Yes, it works. Thank you.
Although I like to option to transfer the console in graphical mode.


Thank you "UNIXgod" for over the issue.
Thank you "bes" for the good properties of the console settings.

Thank you all.


----------



## nickednamed (Aug 6, 2011)

Thanks guys. 

That is just what I've been trying to work out!

I now have a nice, high-res console.

Dvtm has just become 10 times more useful.


----------



## UNIXgod (Aug 6, 2011)

nickednamed said:
			
		

> Thanks guys.
> 
> That is just what I've been trying to work out!
> 
> ...



dvtm rocks.


----------



## valsorym (Aug 12, 2011)

I think what "tmux" better, than "dvtm" or "screen".
It is mine subject opinion.


----------



## nickednamed (Aug 14, 2011)

I actually prefer to use tmux.
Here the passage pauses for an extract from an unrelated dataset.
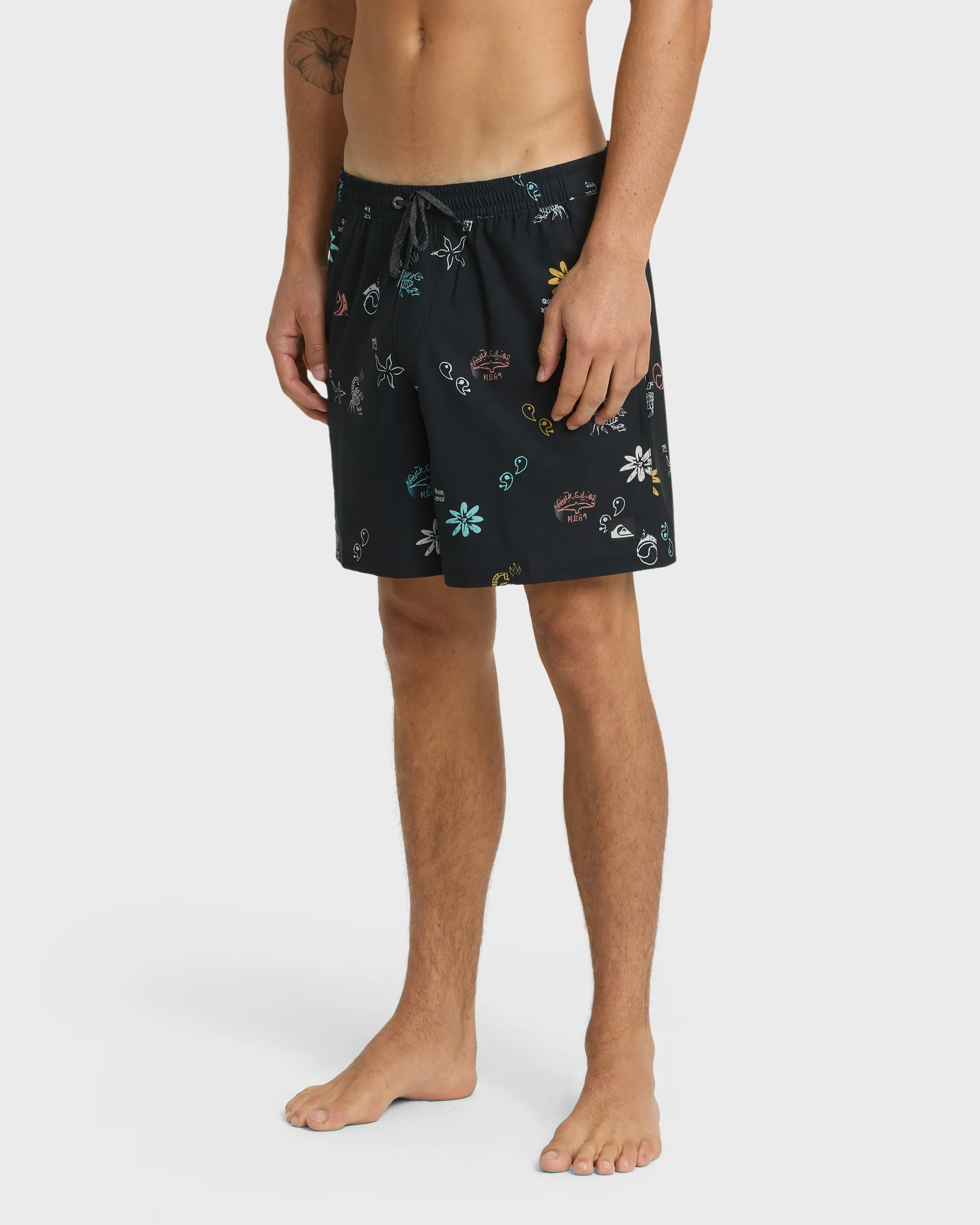 Surfsilk Mix 17" Nb Swim Trunks - Black 4 Surfsilk Mix 17" Nb Swim Trunks - Black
But it kept crashing or freezing on me, so i use dvtm which has never crashed on me.


----------



## valsorym (Aug 14, 2011)

> Originally Posted by *nickednamed*.
> I actually prefer to use tmux. But it kept crashing or freezing on me, so i use dvtm which has never crashed on me.



Yes, You are right.
If I show of a large file, tmux spoils the whole screen ..
Without a doubt - the idea tmux good, but it works - wants the best.
I also probably will move on dvtm.
Thanks.


----------



## jrm@ (Aug 14, 2011)

doorways said:
			
		

> Yes, You are right.
> If I show of a large file, tmux spoils the whole screen ..



/usr/bin/reset often fixes things.  This page might be helpful: http://docstore.mik.ua/orelly/unix/upt/ch42_04.htm


----------



## valsorym (Aug 14, 2011)

Thanks.


----------